- Opening Delimiter -

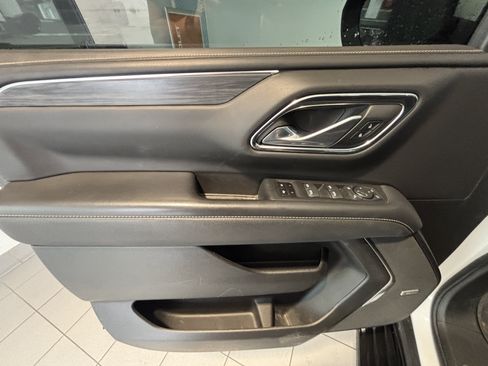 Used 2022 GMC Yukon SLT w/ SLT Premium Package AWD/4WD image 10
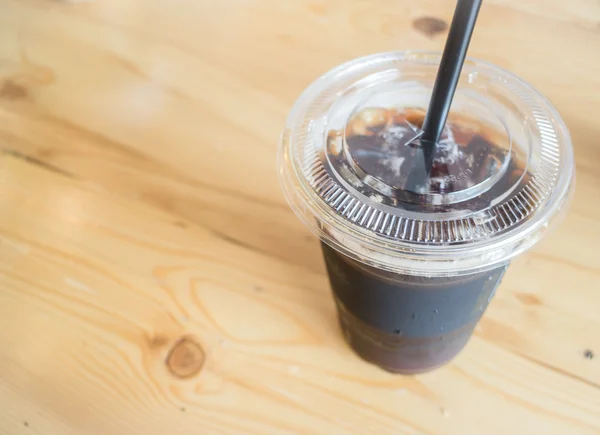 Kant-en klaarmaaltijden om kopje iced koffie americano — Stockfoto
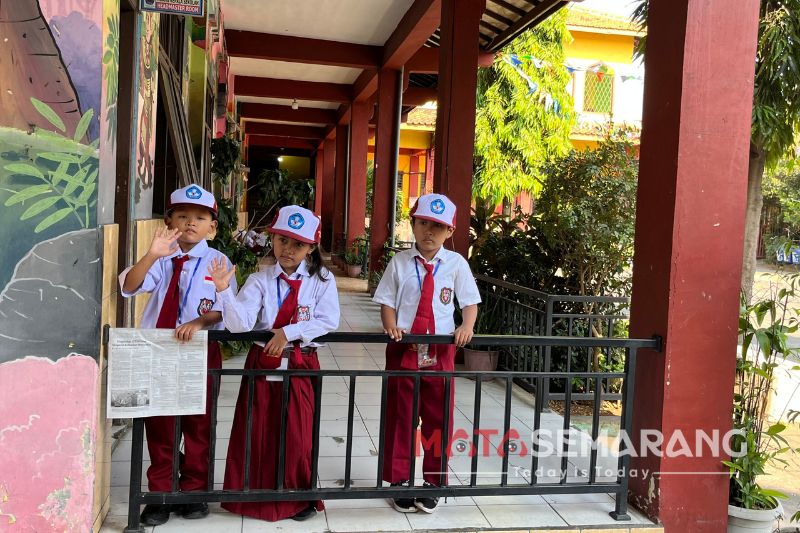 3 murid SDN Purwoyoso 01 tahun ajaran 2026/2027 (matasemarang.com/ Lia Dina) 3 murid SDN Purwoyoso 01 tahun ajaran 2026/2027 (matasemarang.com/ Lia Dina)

- Closing Delimiter -

## EXERCISE PROMPT
Output the data exactly, pictures omitted.

## SOLUTION FOR THIS PROBLEM
 Used 2022 GMC Yukon SLT w/ SLT Premium Package AWD/4WD image 10
 Kant-en klaarmaaltijden om kopje iced koffie americano — Stockfoto
 3 murid SDN Purwoyoso 01 tahun ajaran 2026/2027 (matasemarang.com/ Lia Dina) 3 murid SDN Purwoyoso 01 tahun ajaran 2026/2027 (matasemarang.com/ Lia Dina)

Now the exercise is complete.